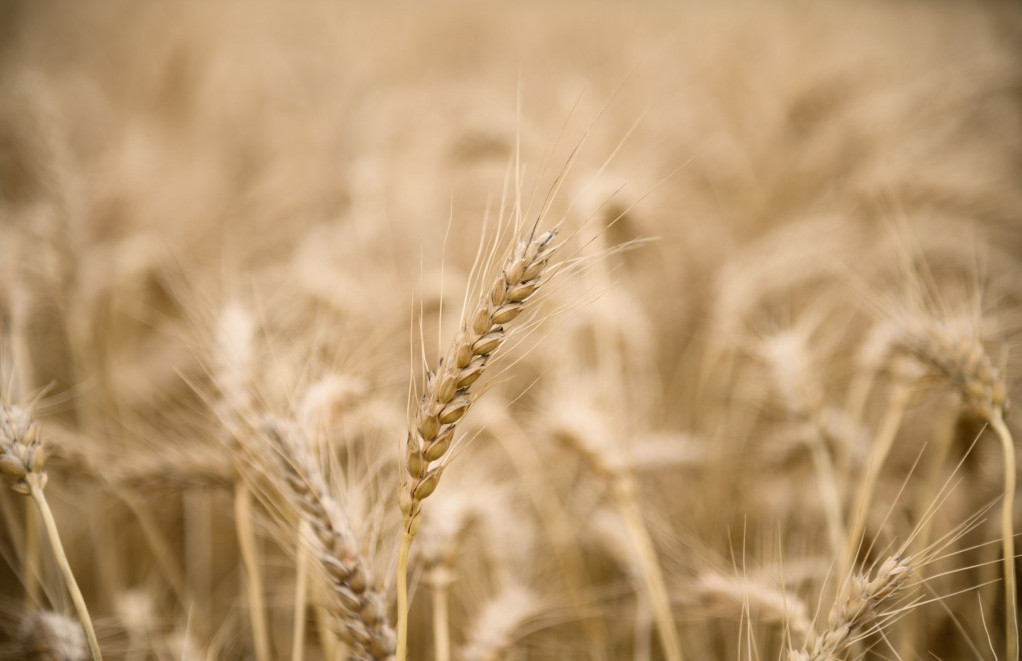 Cijena pšenice bi zbog rata u Ukrajini mogla rasti i do 34 posto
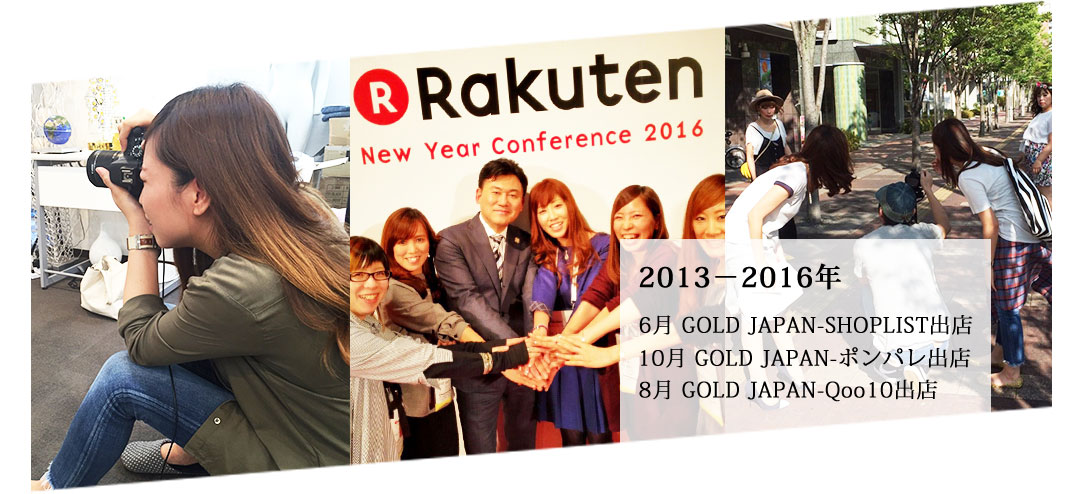 2013年-2016年の歴史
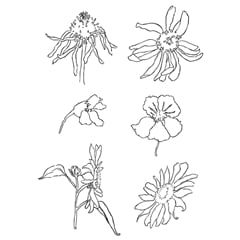 Providni pečati - livadsko cvijeće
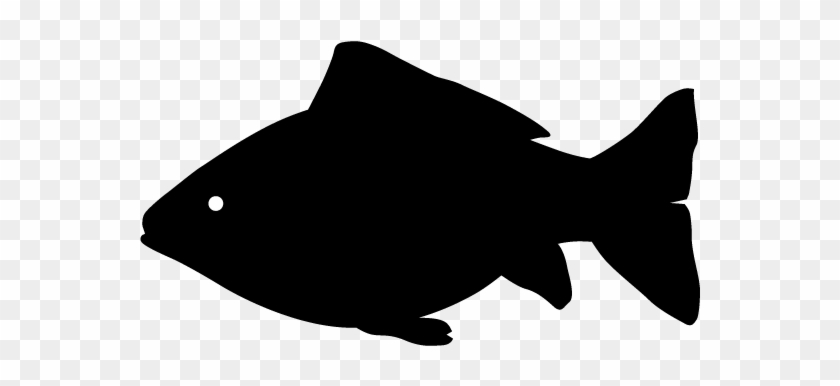 View All Images-1 - Silhouette Fish Outline #398729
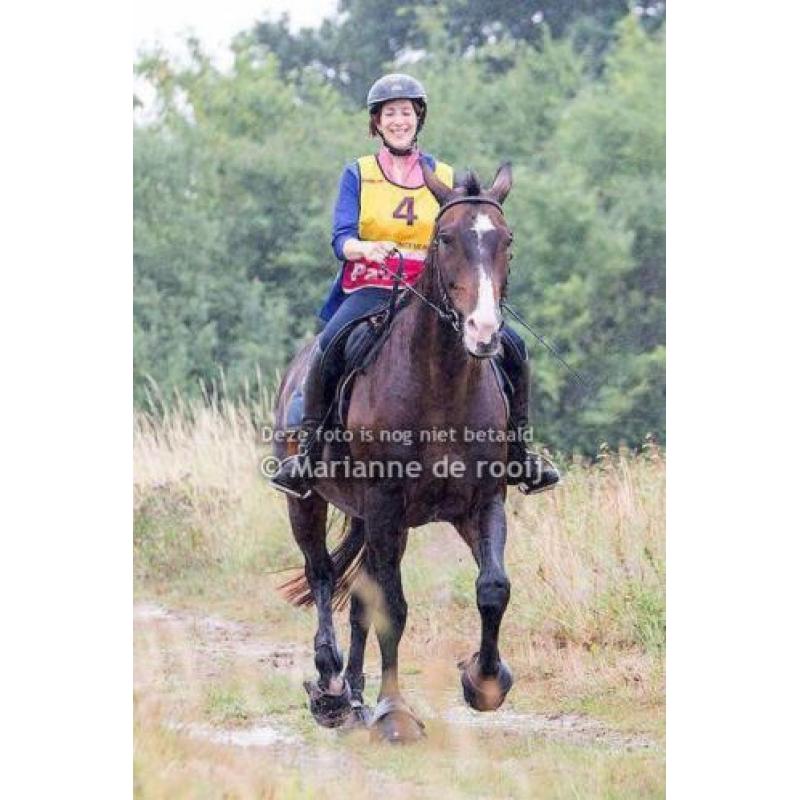 Allround kwpn ruin/ recreatie paard / betuigd en endurance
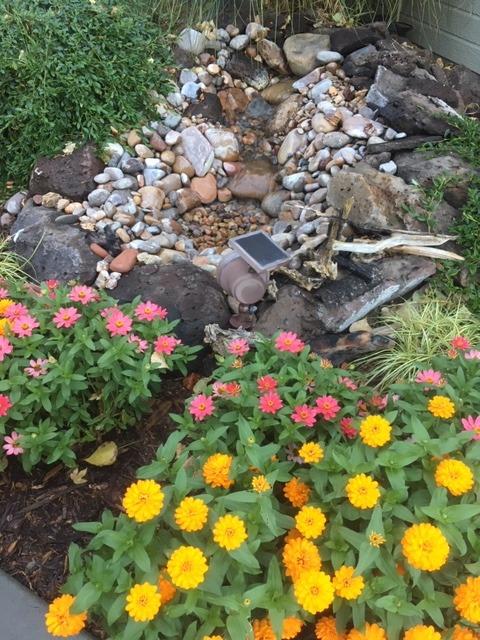 Aquascape EcoWave 5000 GPH Pond and Waterfall Pump, Mag-Drive, Quiet, Efficient, Compact | 91134 customer photo 2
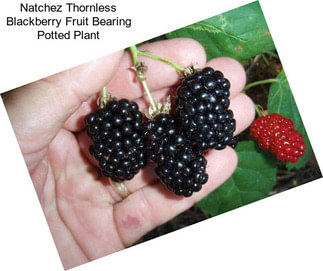 Natchez Thornless Blackberry Fruit Bearing Potted Plant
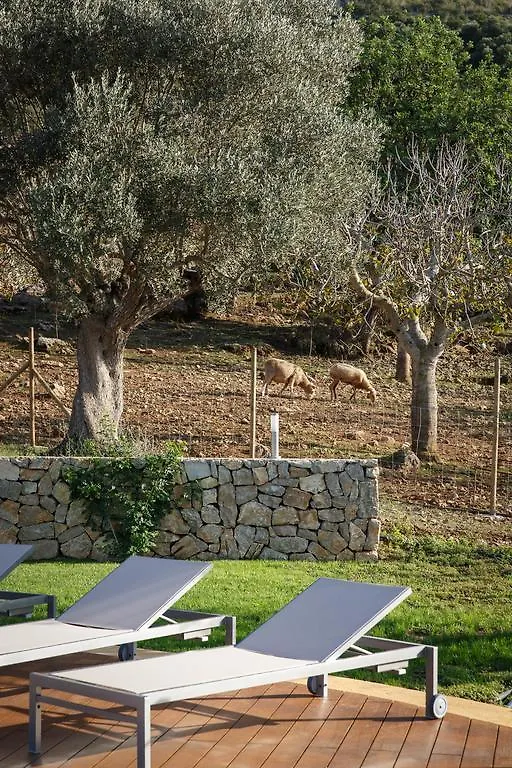 Agroturismo S'Arbocar Sant Llorenc Des Cardassar 0*,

- - -

## WORK ORDER
Extract all the data above exactly, excluding every picture.

## TASK RESULT
 Cijena pšenice bi zbog rata u Ukrajini mogla rasti i do 34 posto
 2013年-2016年の歴史
 Providni pečati - livadsko cvijeće
 View All Images-1 - Silhouette Fish Outline #398729
 Allround kwpn ruin/ recreatie paard / betuigd en endurance
 Aquascape EcoWave 5000 GPH Pond and Waterfall Pump, Mag-Drive, Quiet, Efficient, Compact | 91134 customer photo 2
 Natchez Thornless Blackberry Fruit Bearing Potted Plant
 Agroturismo S'Arbocar Sant Llorenc Des Cardassar 0*,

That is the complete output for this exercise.